Die Zahl rechtsextremistischer Straftaten bleibt auch 2009 auf Rekordniveau. Viele davon zeichnen sich durch besondere Brutalität aus.

Jeden Tag werden in Deutschland nach Angaben des Bundeskriminalamts (BKA) zwei bis drei rechtsextreme Gewalttaten verübt, jeden Monat etwa drei antisemitische Straftaten. "Es ist eine erschreckende Situation, vor der wir stehen", sagte BKA-Chef Jörg Ziercke bei der Präsentation neuer Zahlen zur rechtsextremen Gewalt.

Die Anzahl der rechtsextremistischen Straftaten liegt noch weit über der Zahl der Gewalttaten und erneut auf Rekordniveau. Im vergangenen Jahr war mit mehr als 20.000 Delikten der höchste Wert seit Einführung eines neuen Zählsystems 2001 erreicht worden.

Ziercke warnte Politiker davor, angesichts leerer öffentlicher Kassen bei Gegenmaßnahmen zu sparen. So müssten Aussteigerprogramme für Rechtsextremisten weitergeführt werden. Nötig sei auch eine konsequente Strafverfolgung, sagte Ziercke. Die rechte Szene umfasse in Deutschland rund 30.000 Menschen, davon gelte etwa ein Drittel als gewaltbereit.

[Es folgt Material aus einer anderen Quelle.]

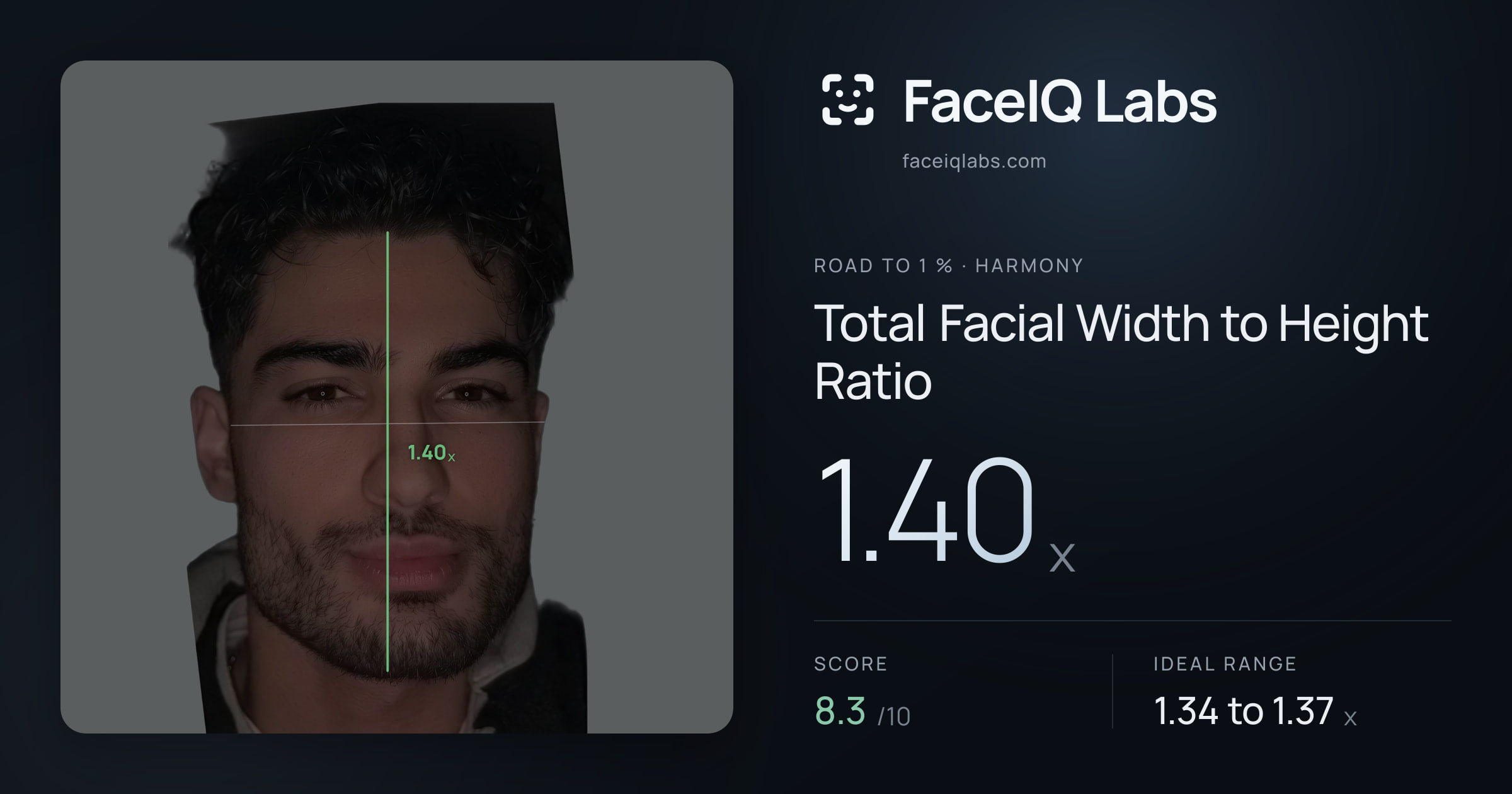 Road To 1 % Total Facial Width to Height Ratio: 1.40x, drawn on the photo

Nach seinen Worten zeichnet sich rechte Gewalt auch durch eine besondere Brutalität aus. Es gebe daher "besondere Gefahren für Leib und Leben" möglicher Opfer. Seit der Wiedervereinigung 1990 gab es 47 Mordopfer rechter Gewalt.

Rechte Gewaltdelikte würden überwiegend an Bahnhöfen oder anderen öffentlichen Plätzen verübt, erläuterte der BKA-Präsident. Häufig spiele Alkohol eine Rolle. Bei rechten Demonstrationen sei ein "gestiegenes Selbstbewusstsein" der Teilnehmer zu beobachten. Oft könne nur ein massives Polizeiaufgebot Zusammenstöße zwischen der rechten und linken Szene verhindern.

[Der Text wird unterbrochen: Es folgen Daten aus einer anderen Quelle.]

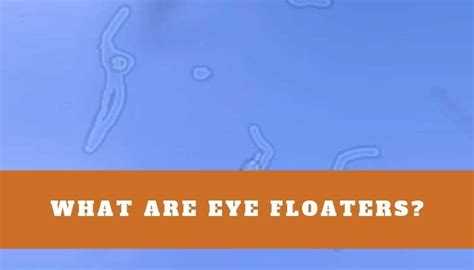 Eye Floaters What Are They And When Should You Be Concerned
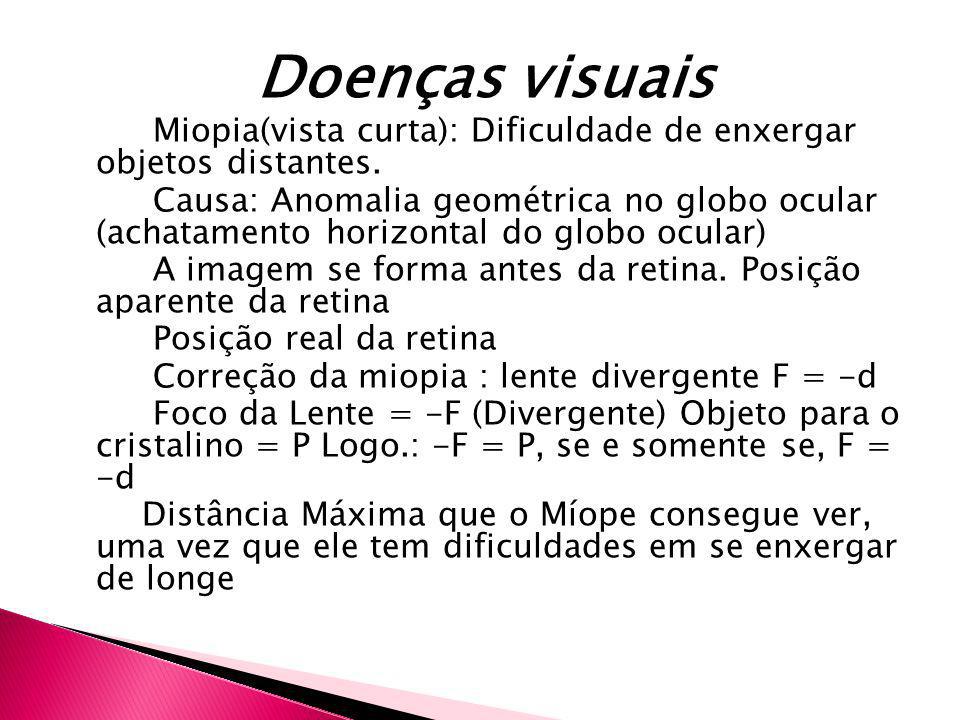 Doenças visuais Miopia(vista curta): Dificuldade de enxergar objetos distantes.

Die meisten rechtsmotivierten Straftaten werden - in Relation zur Einwohnerzahl - in den neuen Bundesländern verübt, in absoluten Zahlen gibt es in den alten Bundesländern mehr Vorfälle. Wahlerfolge der NPD könnten eine mobilisierende Wirkung auf die rechte Szene haben.

Dann sei auch mit mehr Zusammenstößen zwischen rechten und linken Gruppen zu rechnen, sagte Ziercke und bezog sich dabei auch auf eine neue Studie des Hannah-Arendt-Instituts für Totalitarismusforschung. Das Institut hatte die NPD-Wahlmobilisierung und politisch motivierte Gewalt in Sachsen und Nordrhein-Westfalen untersucht.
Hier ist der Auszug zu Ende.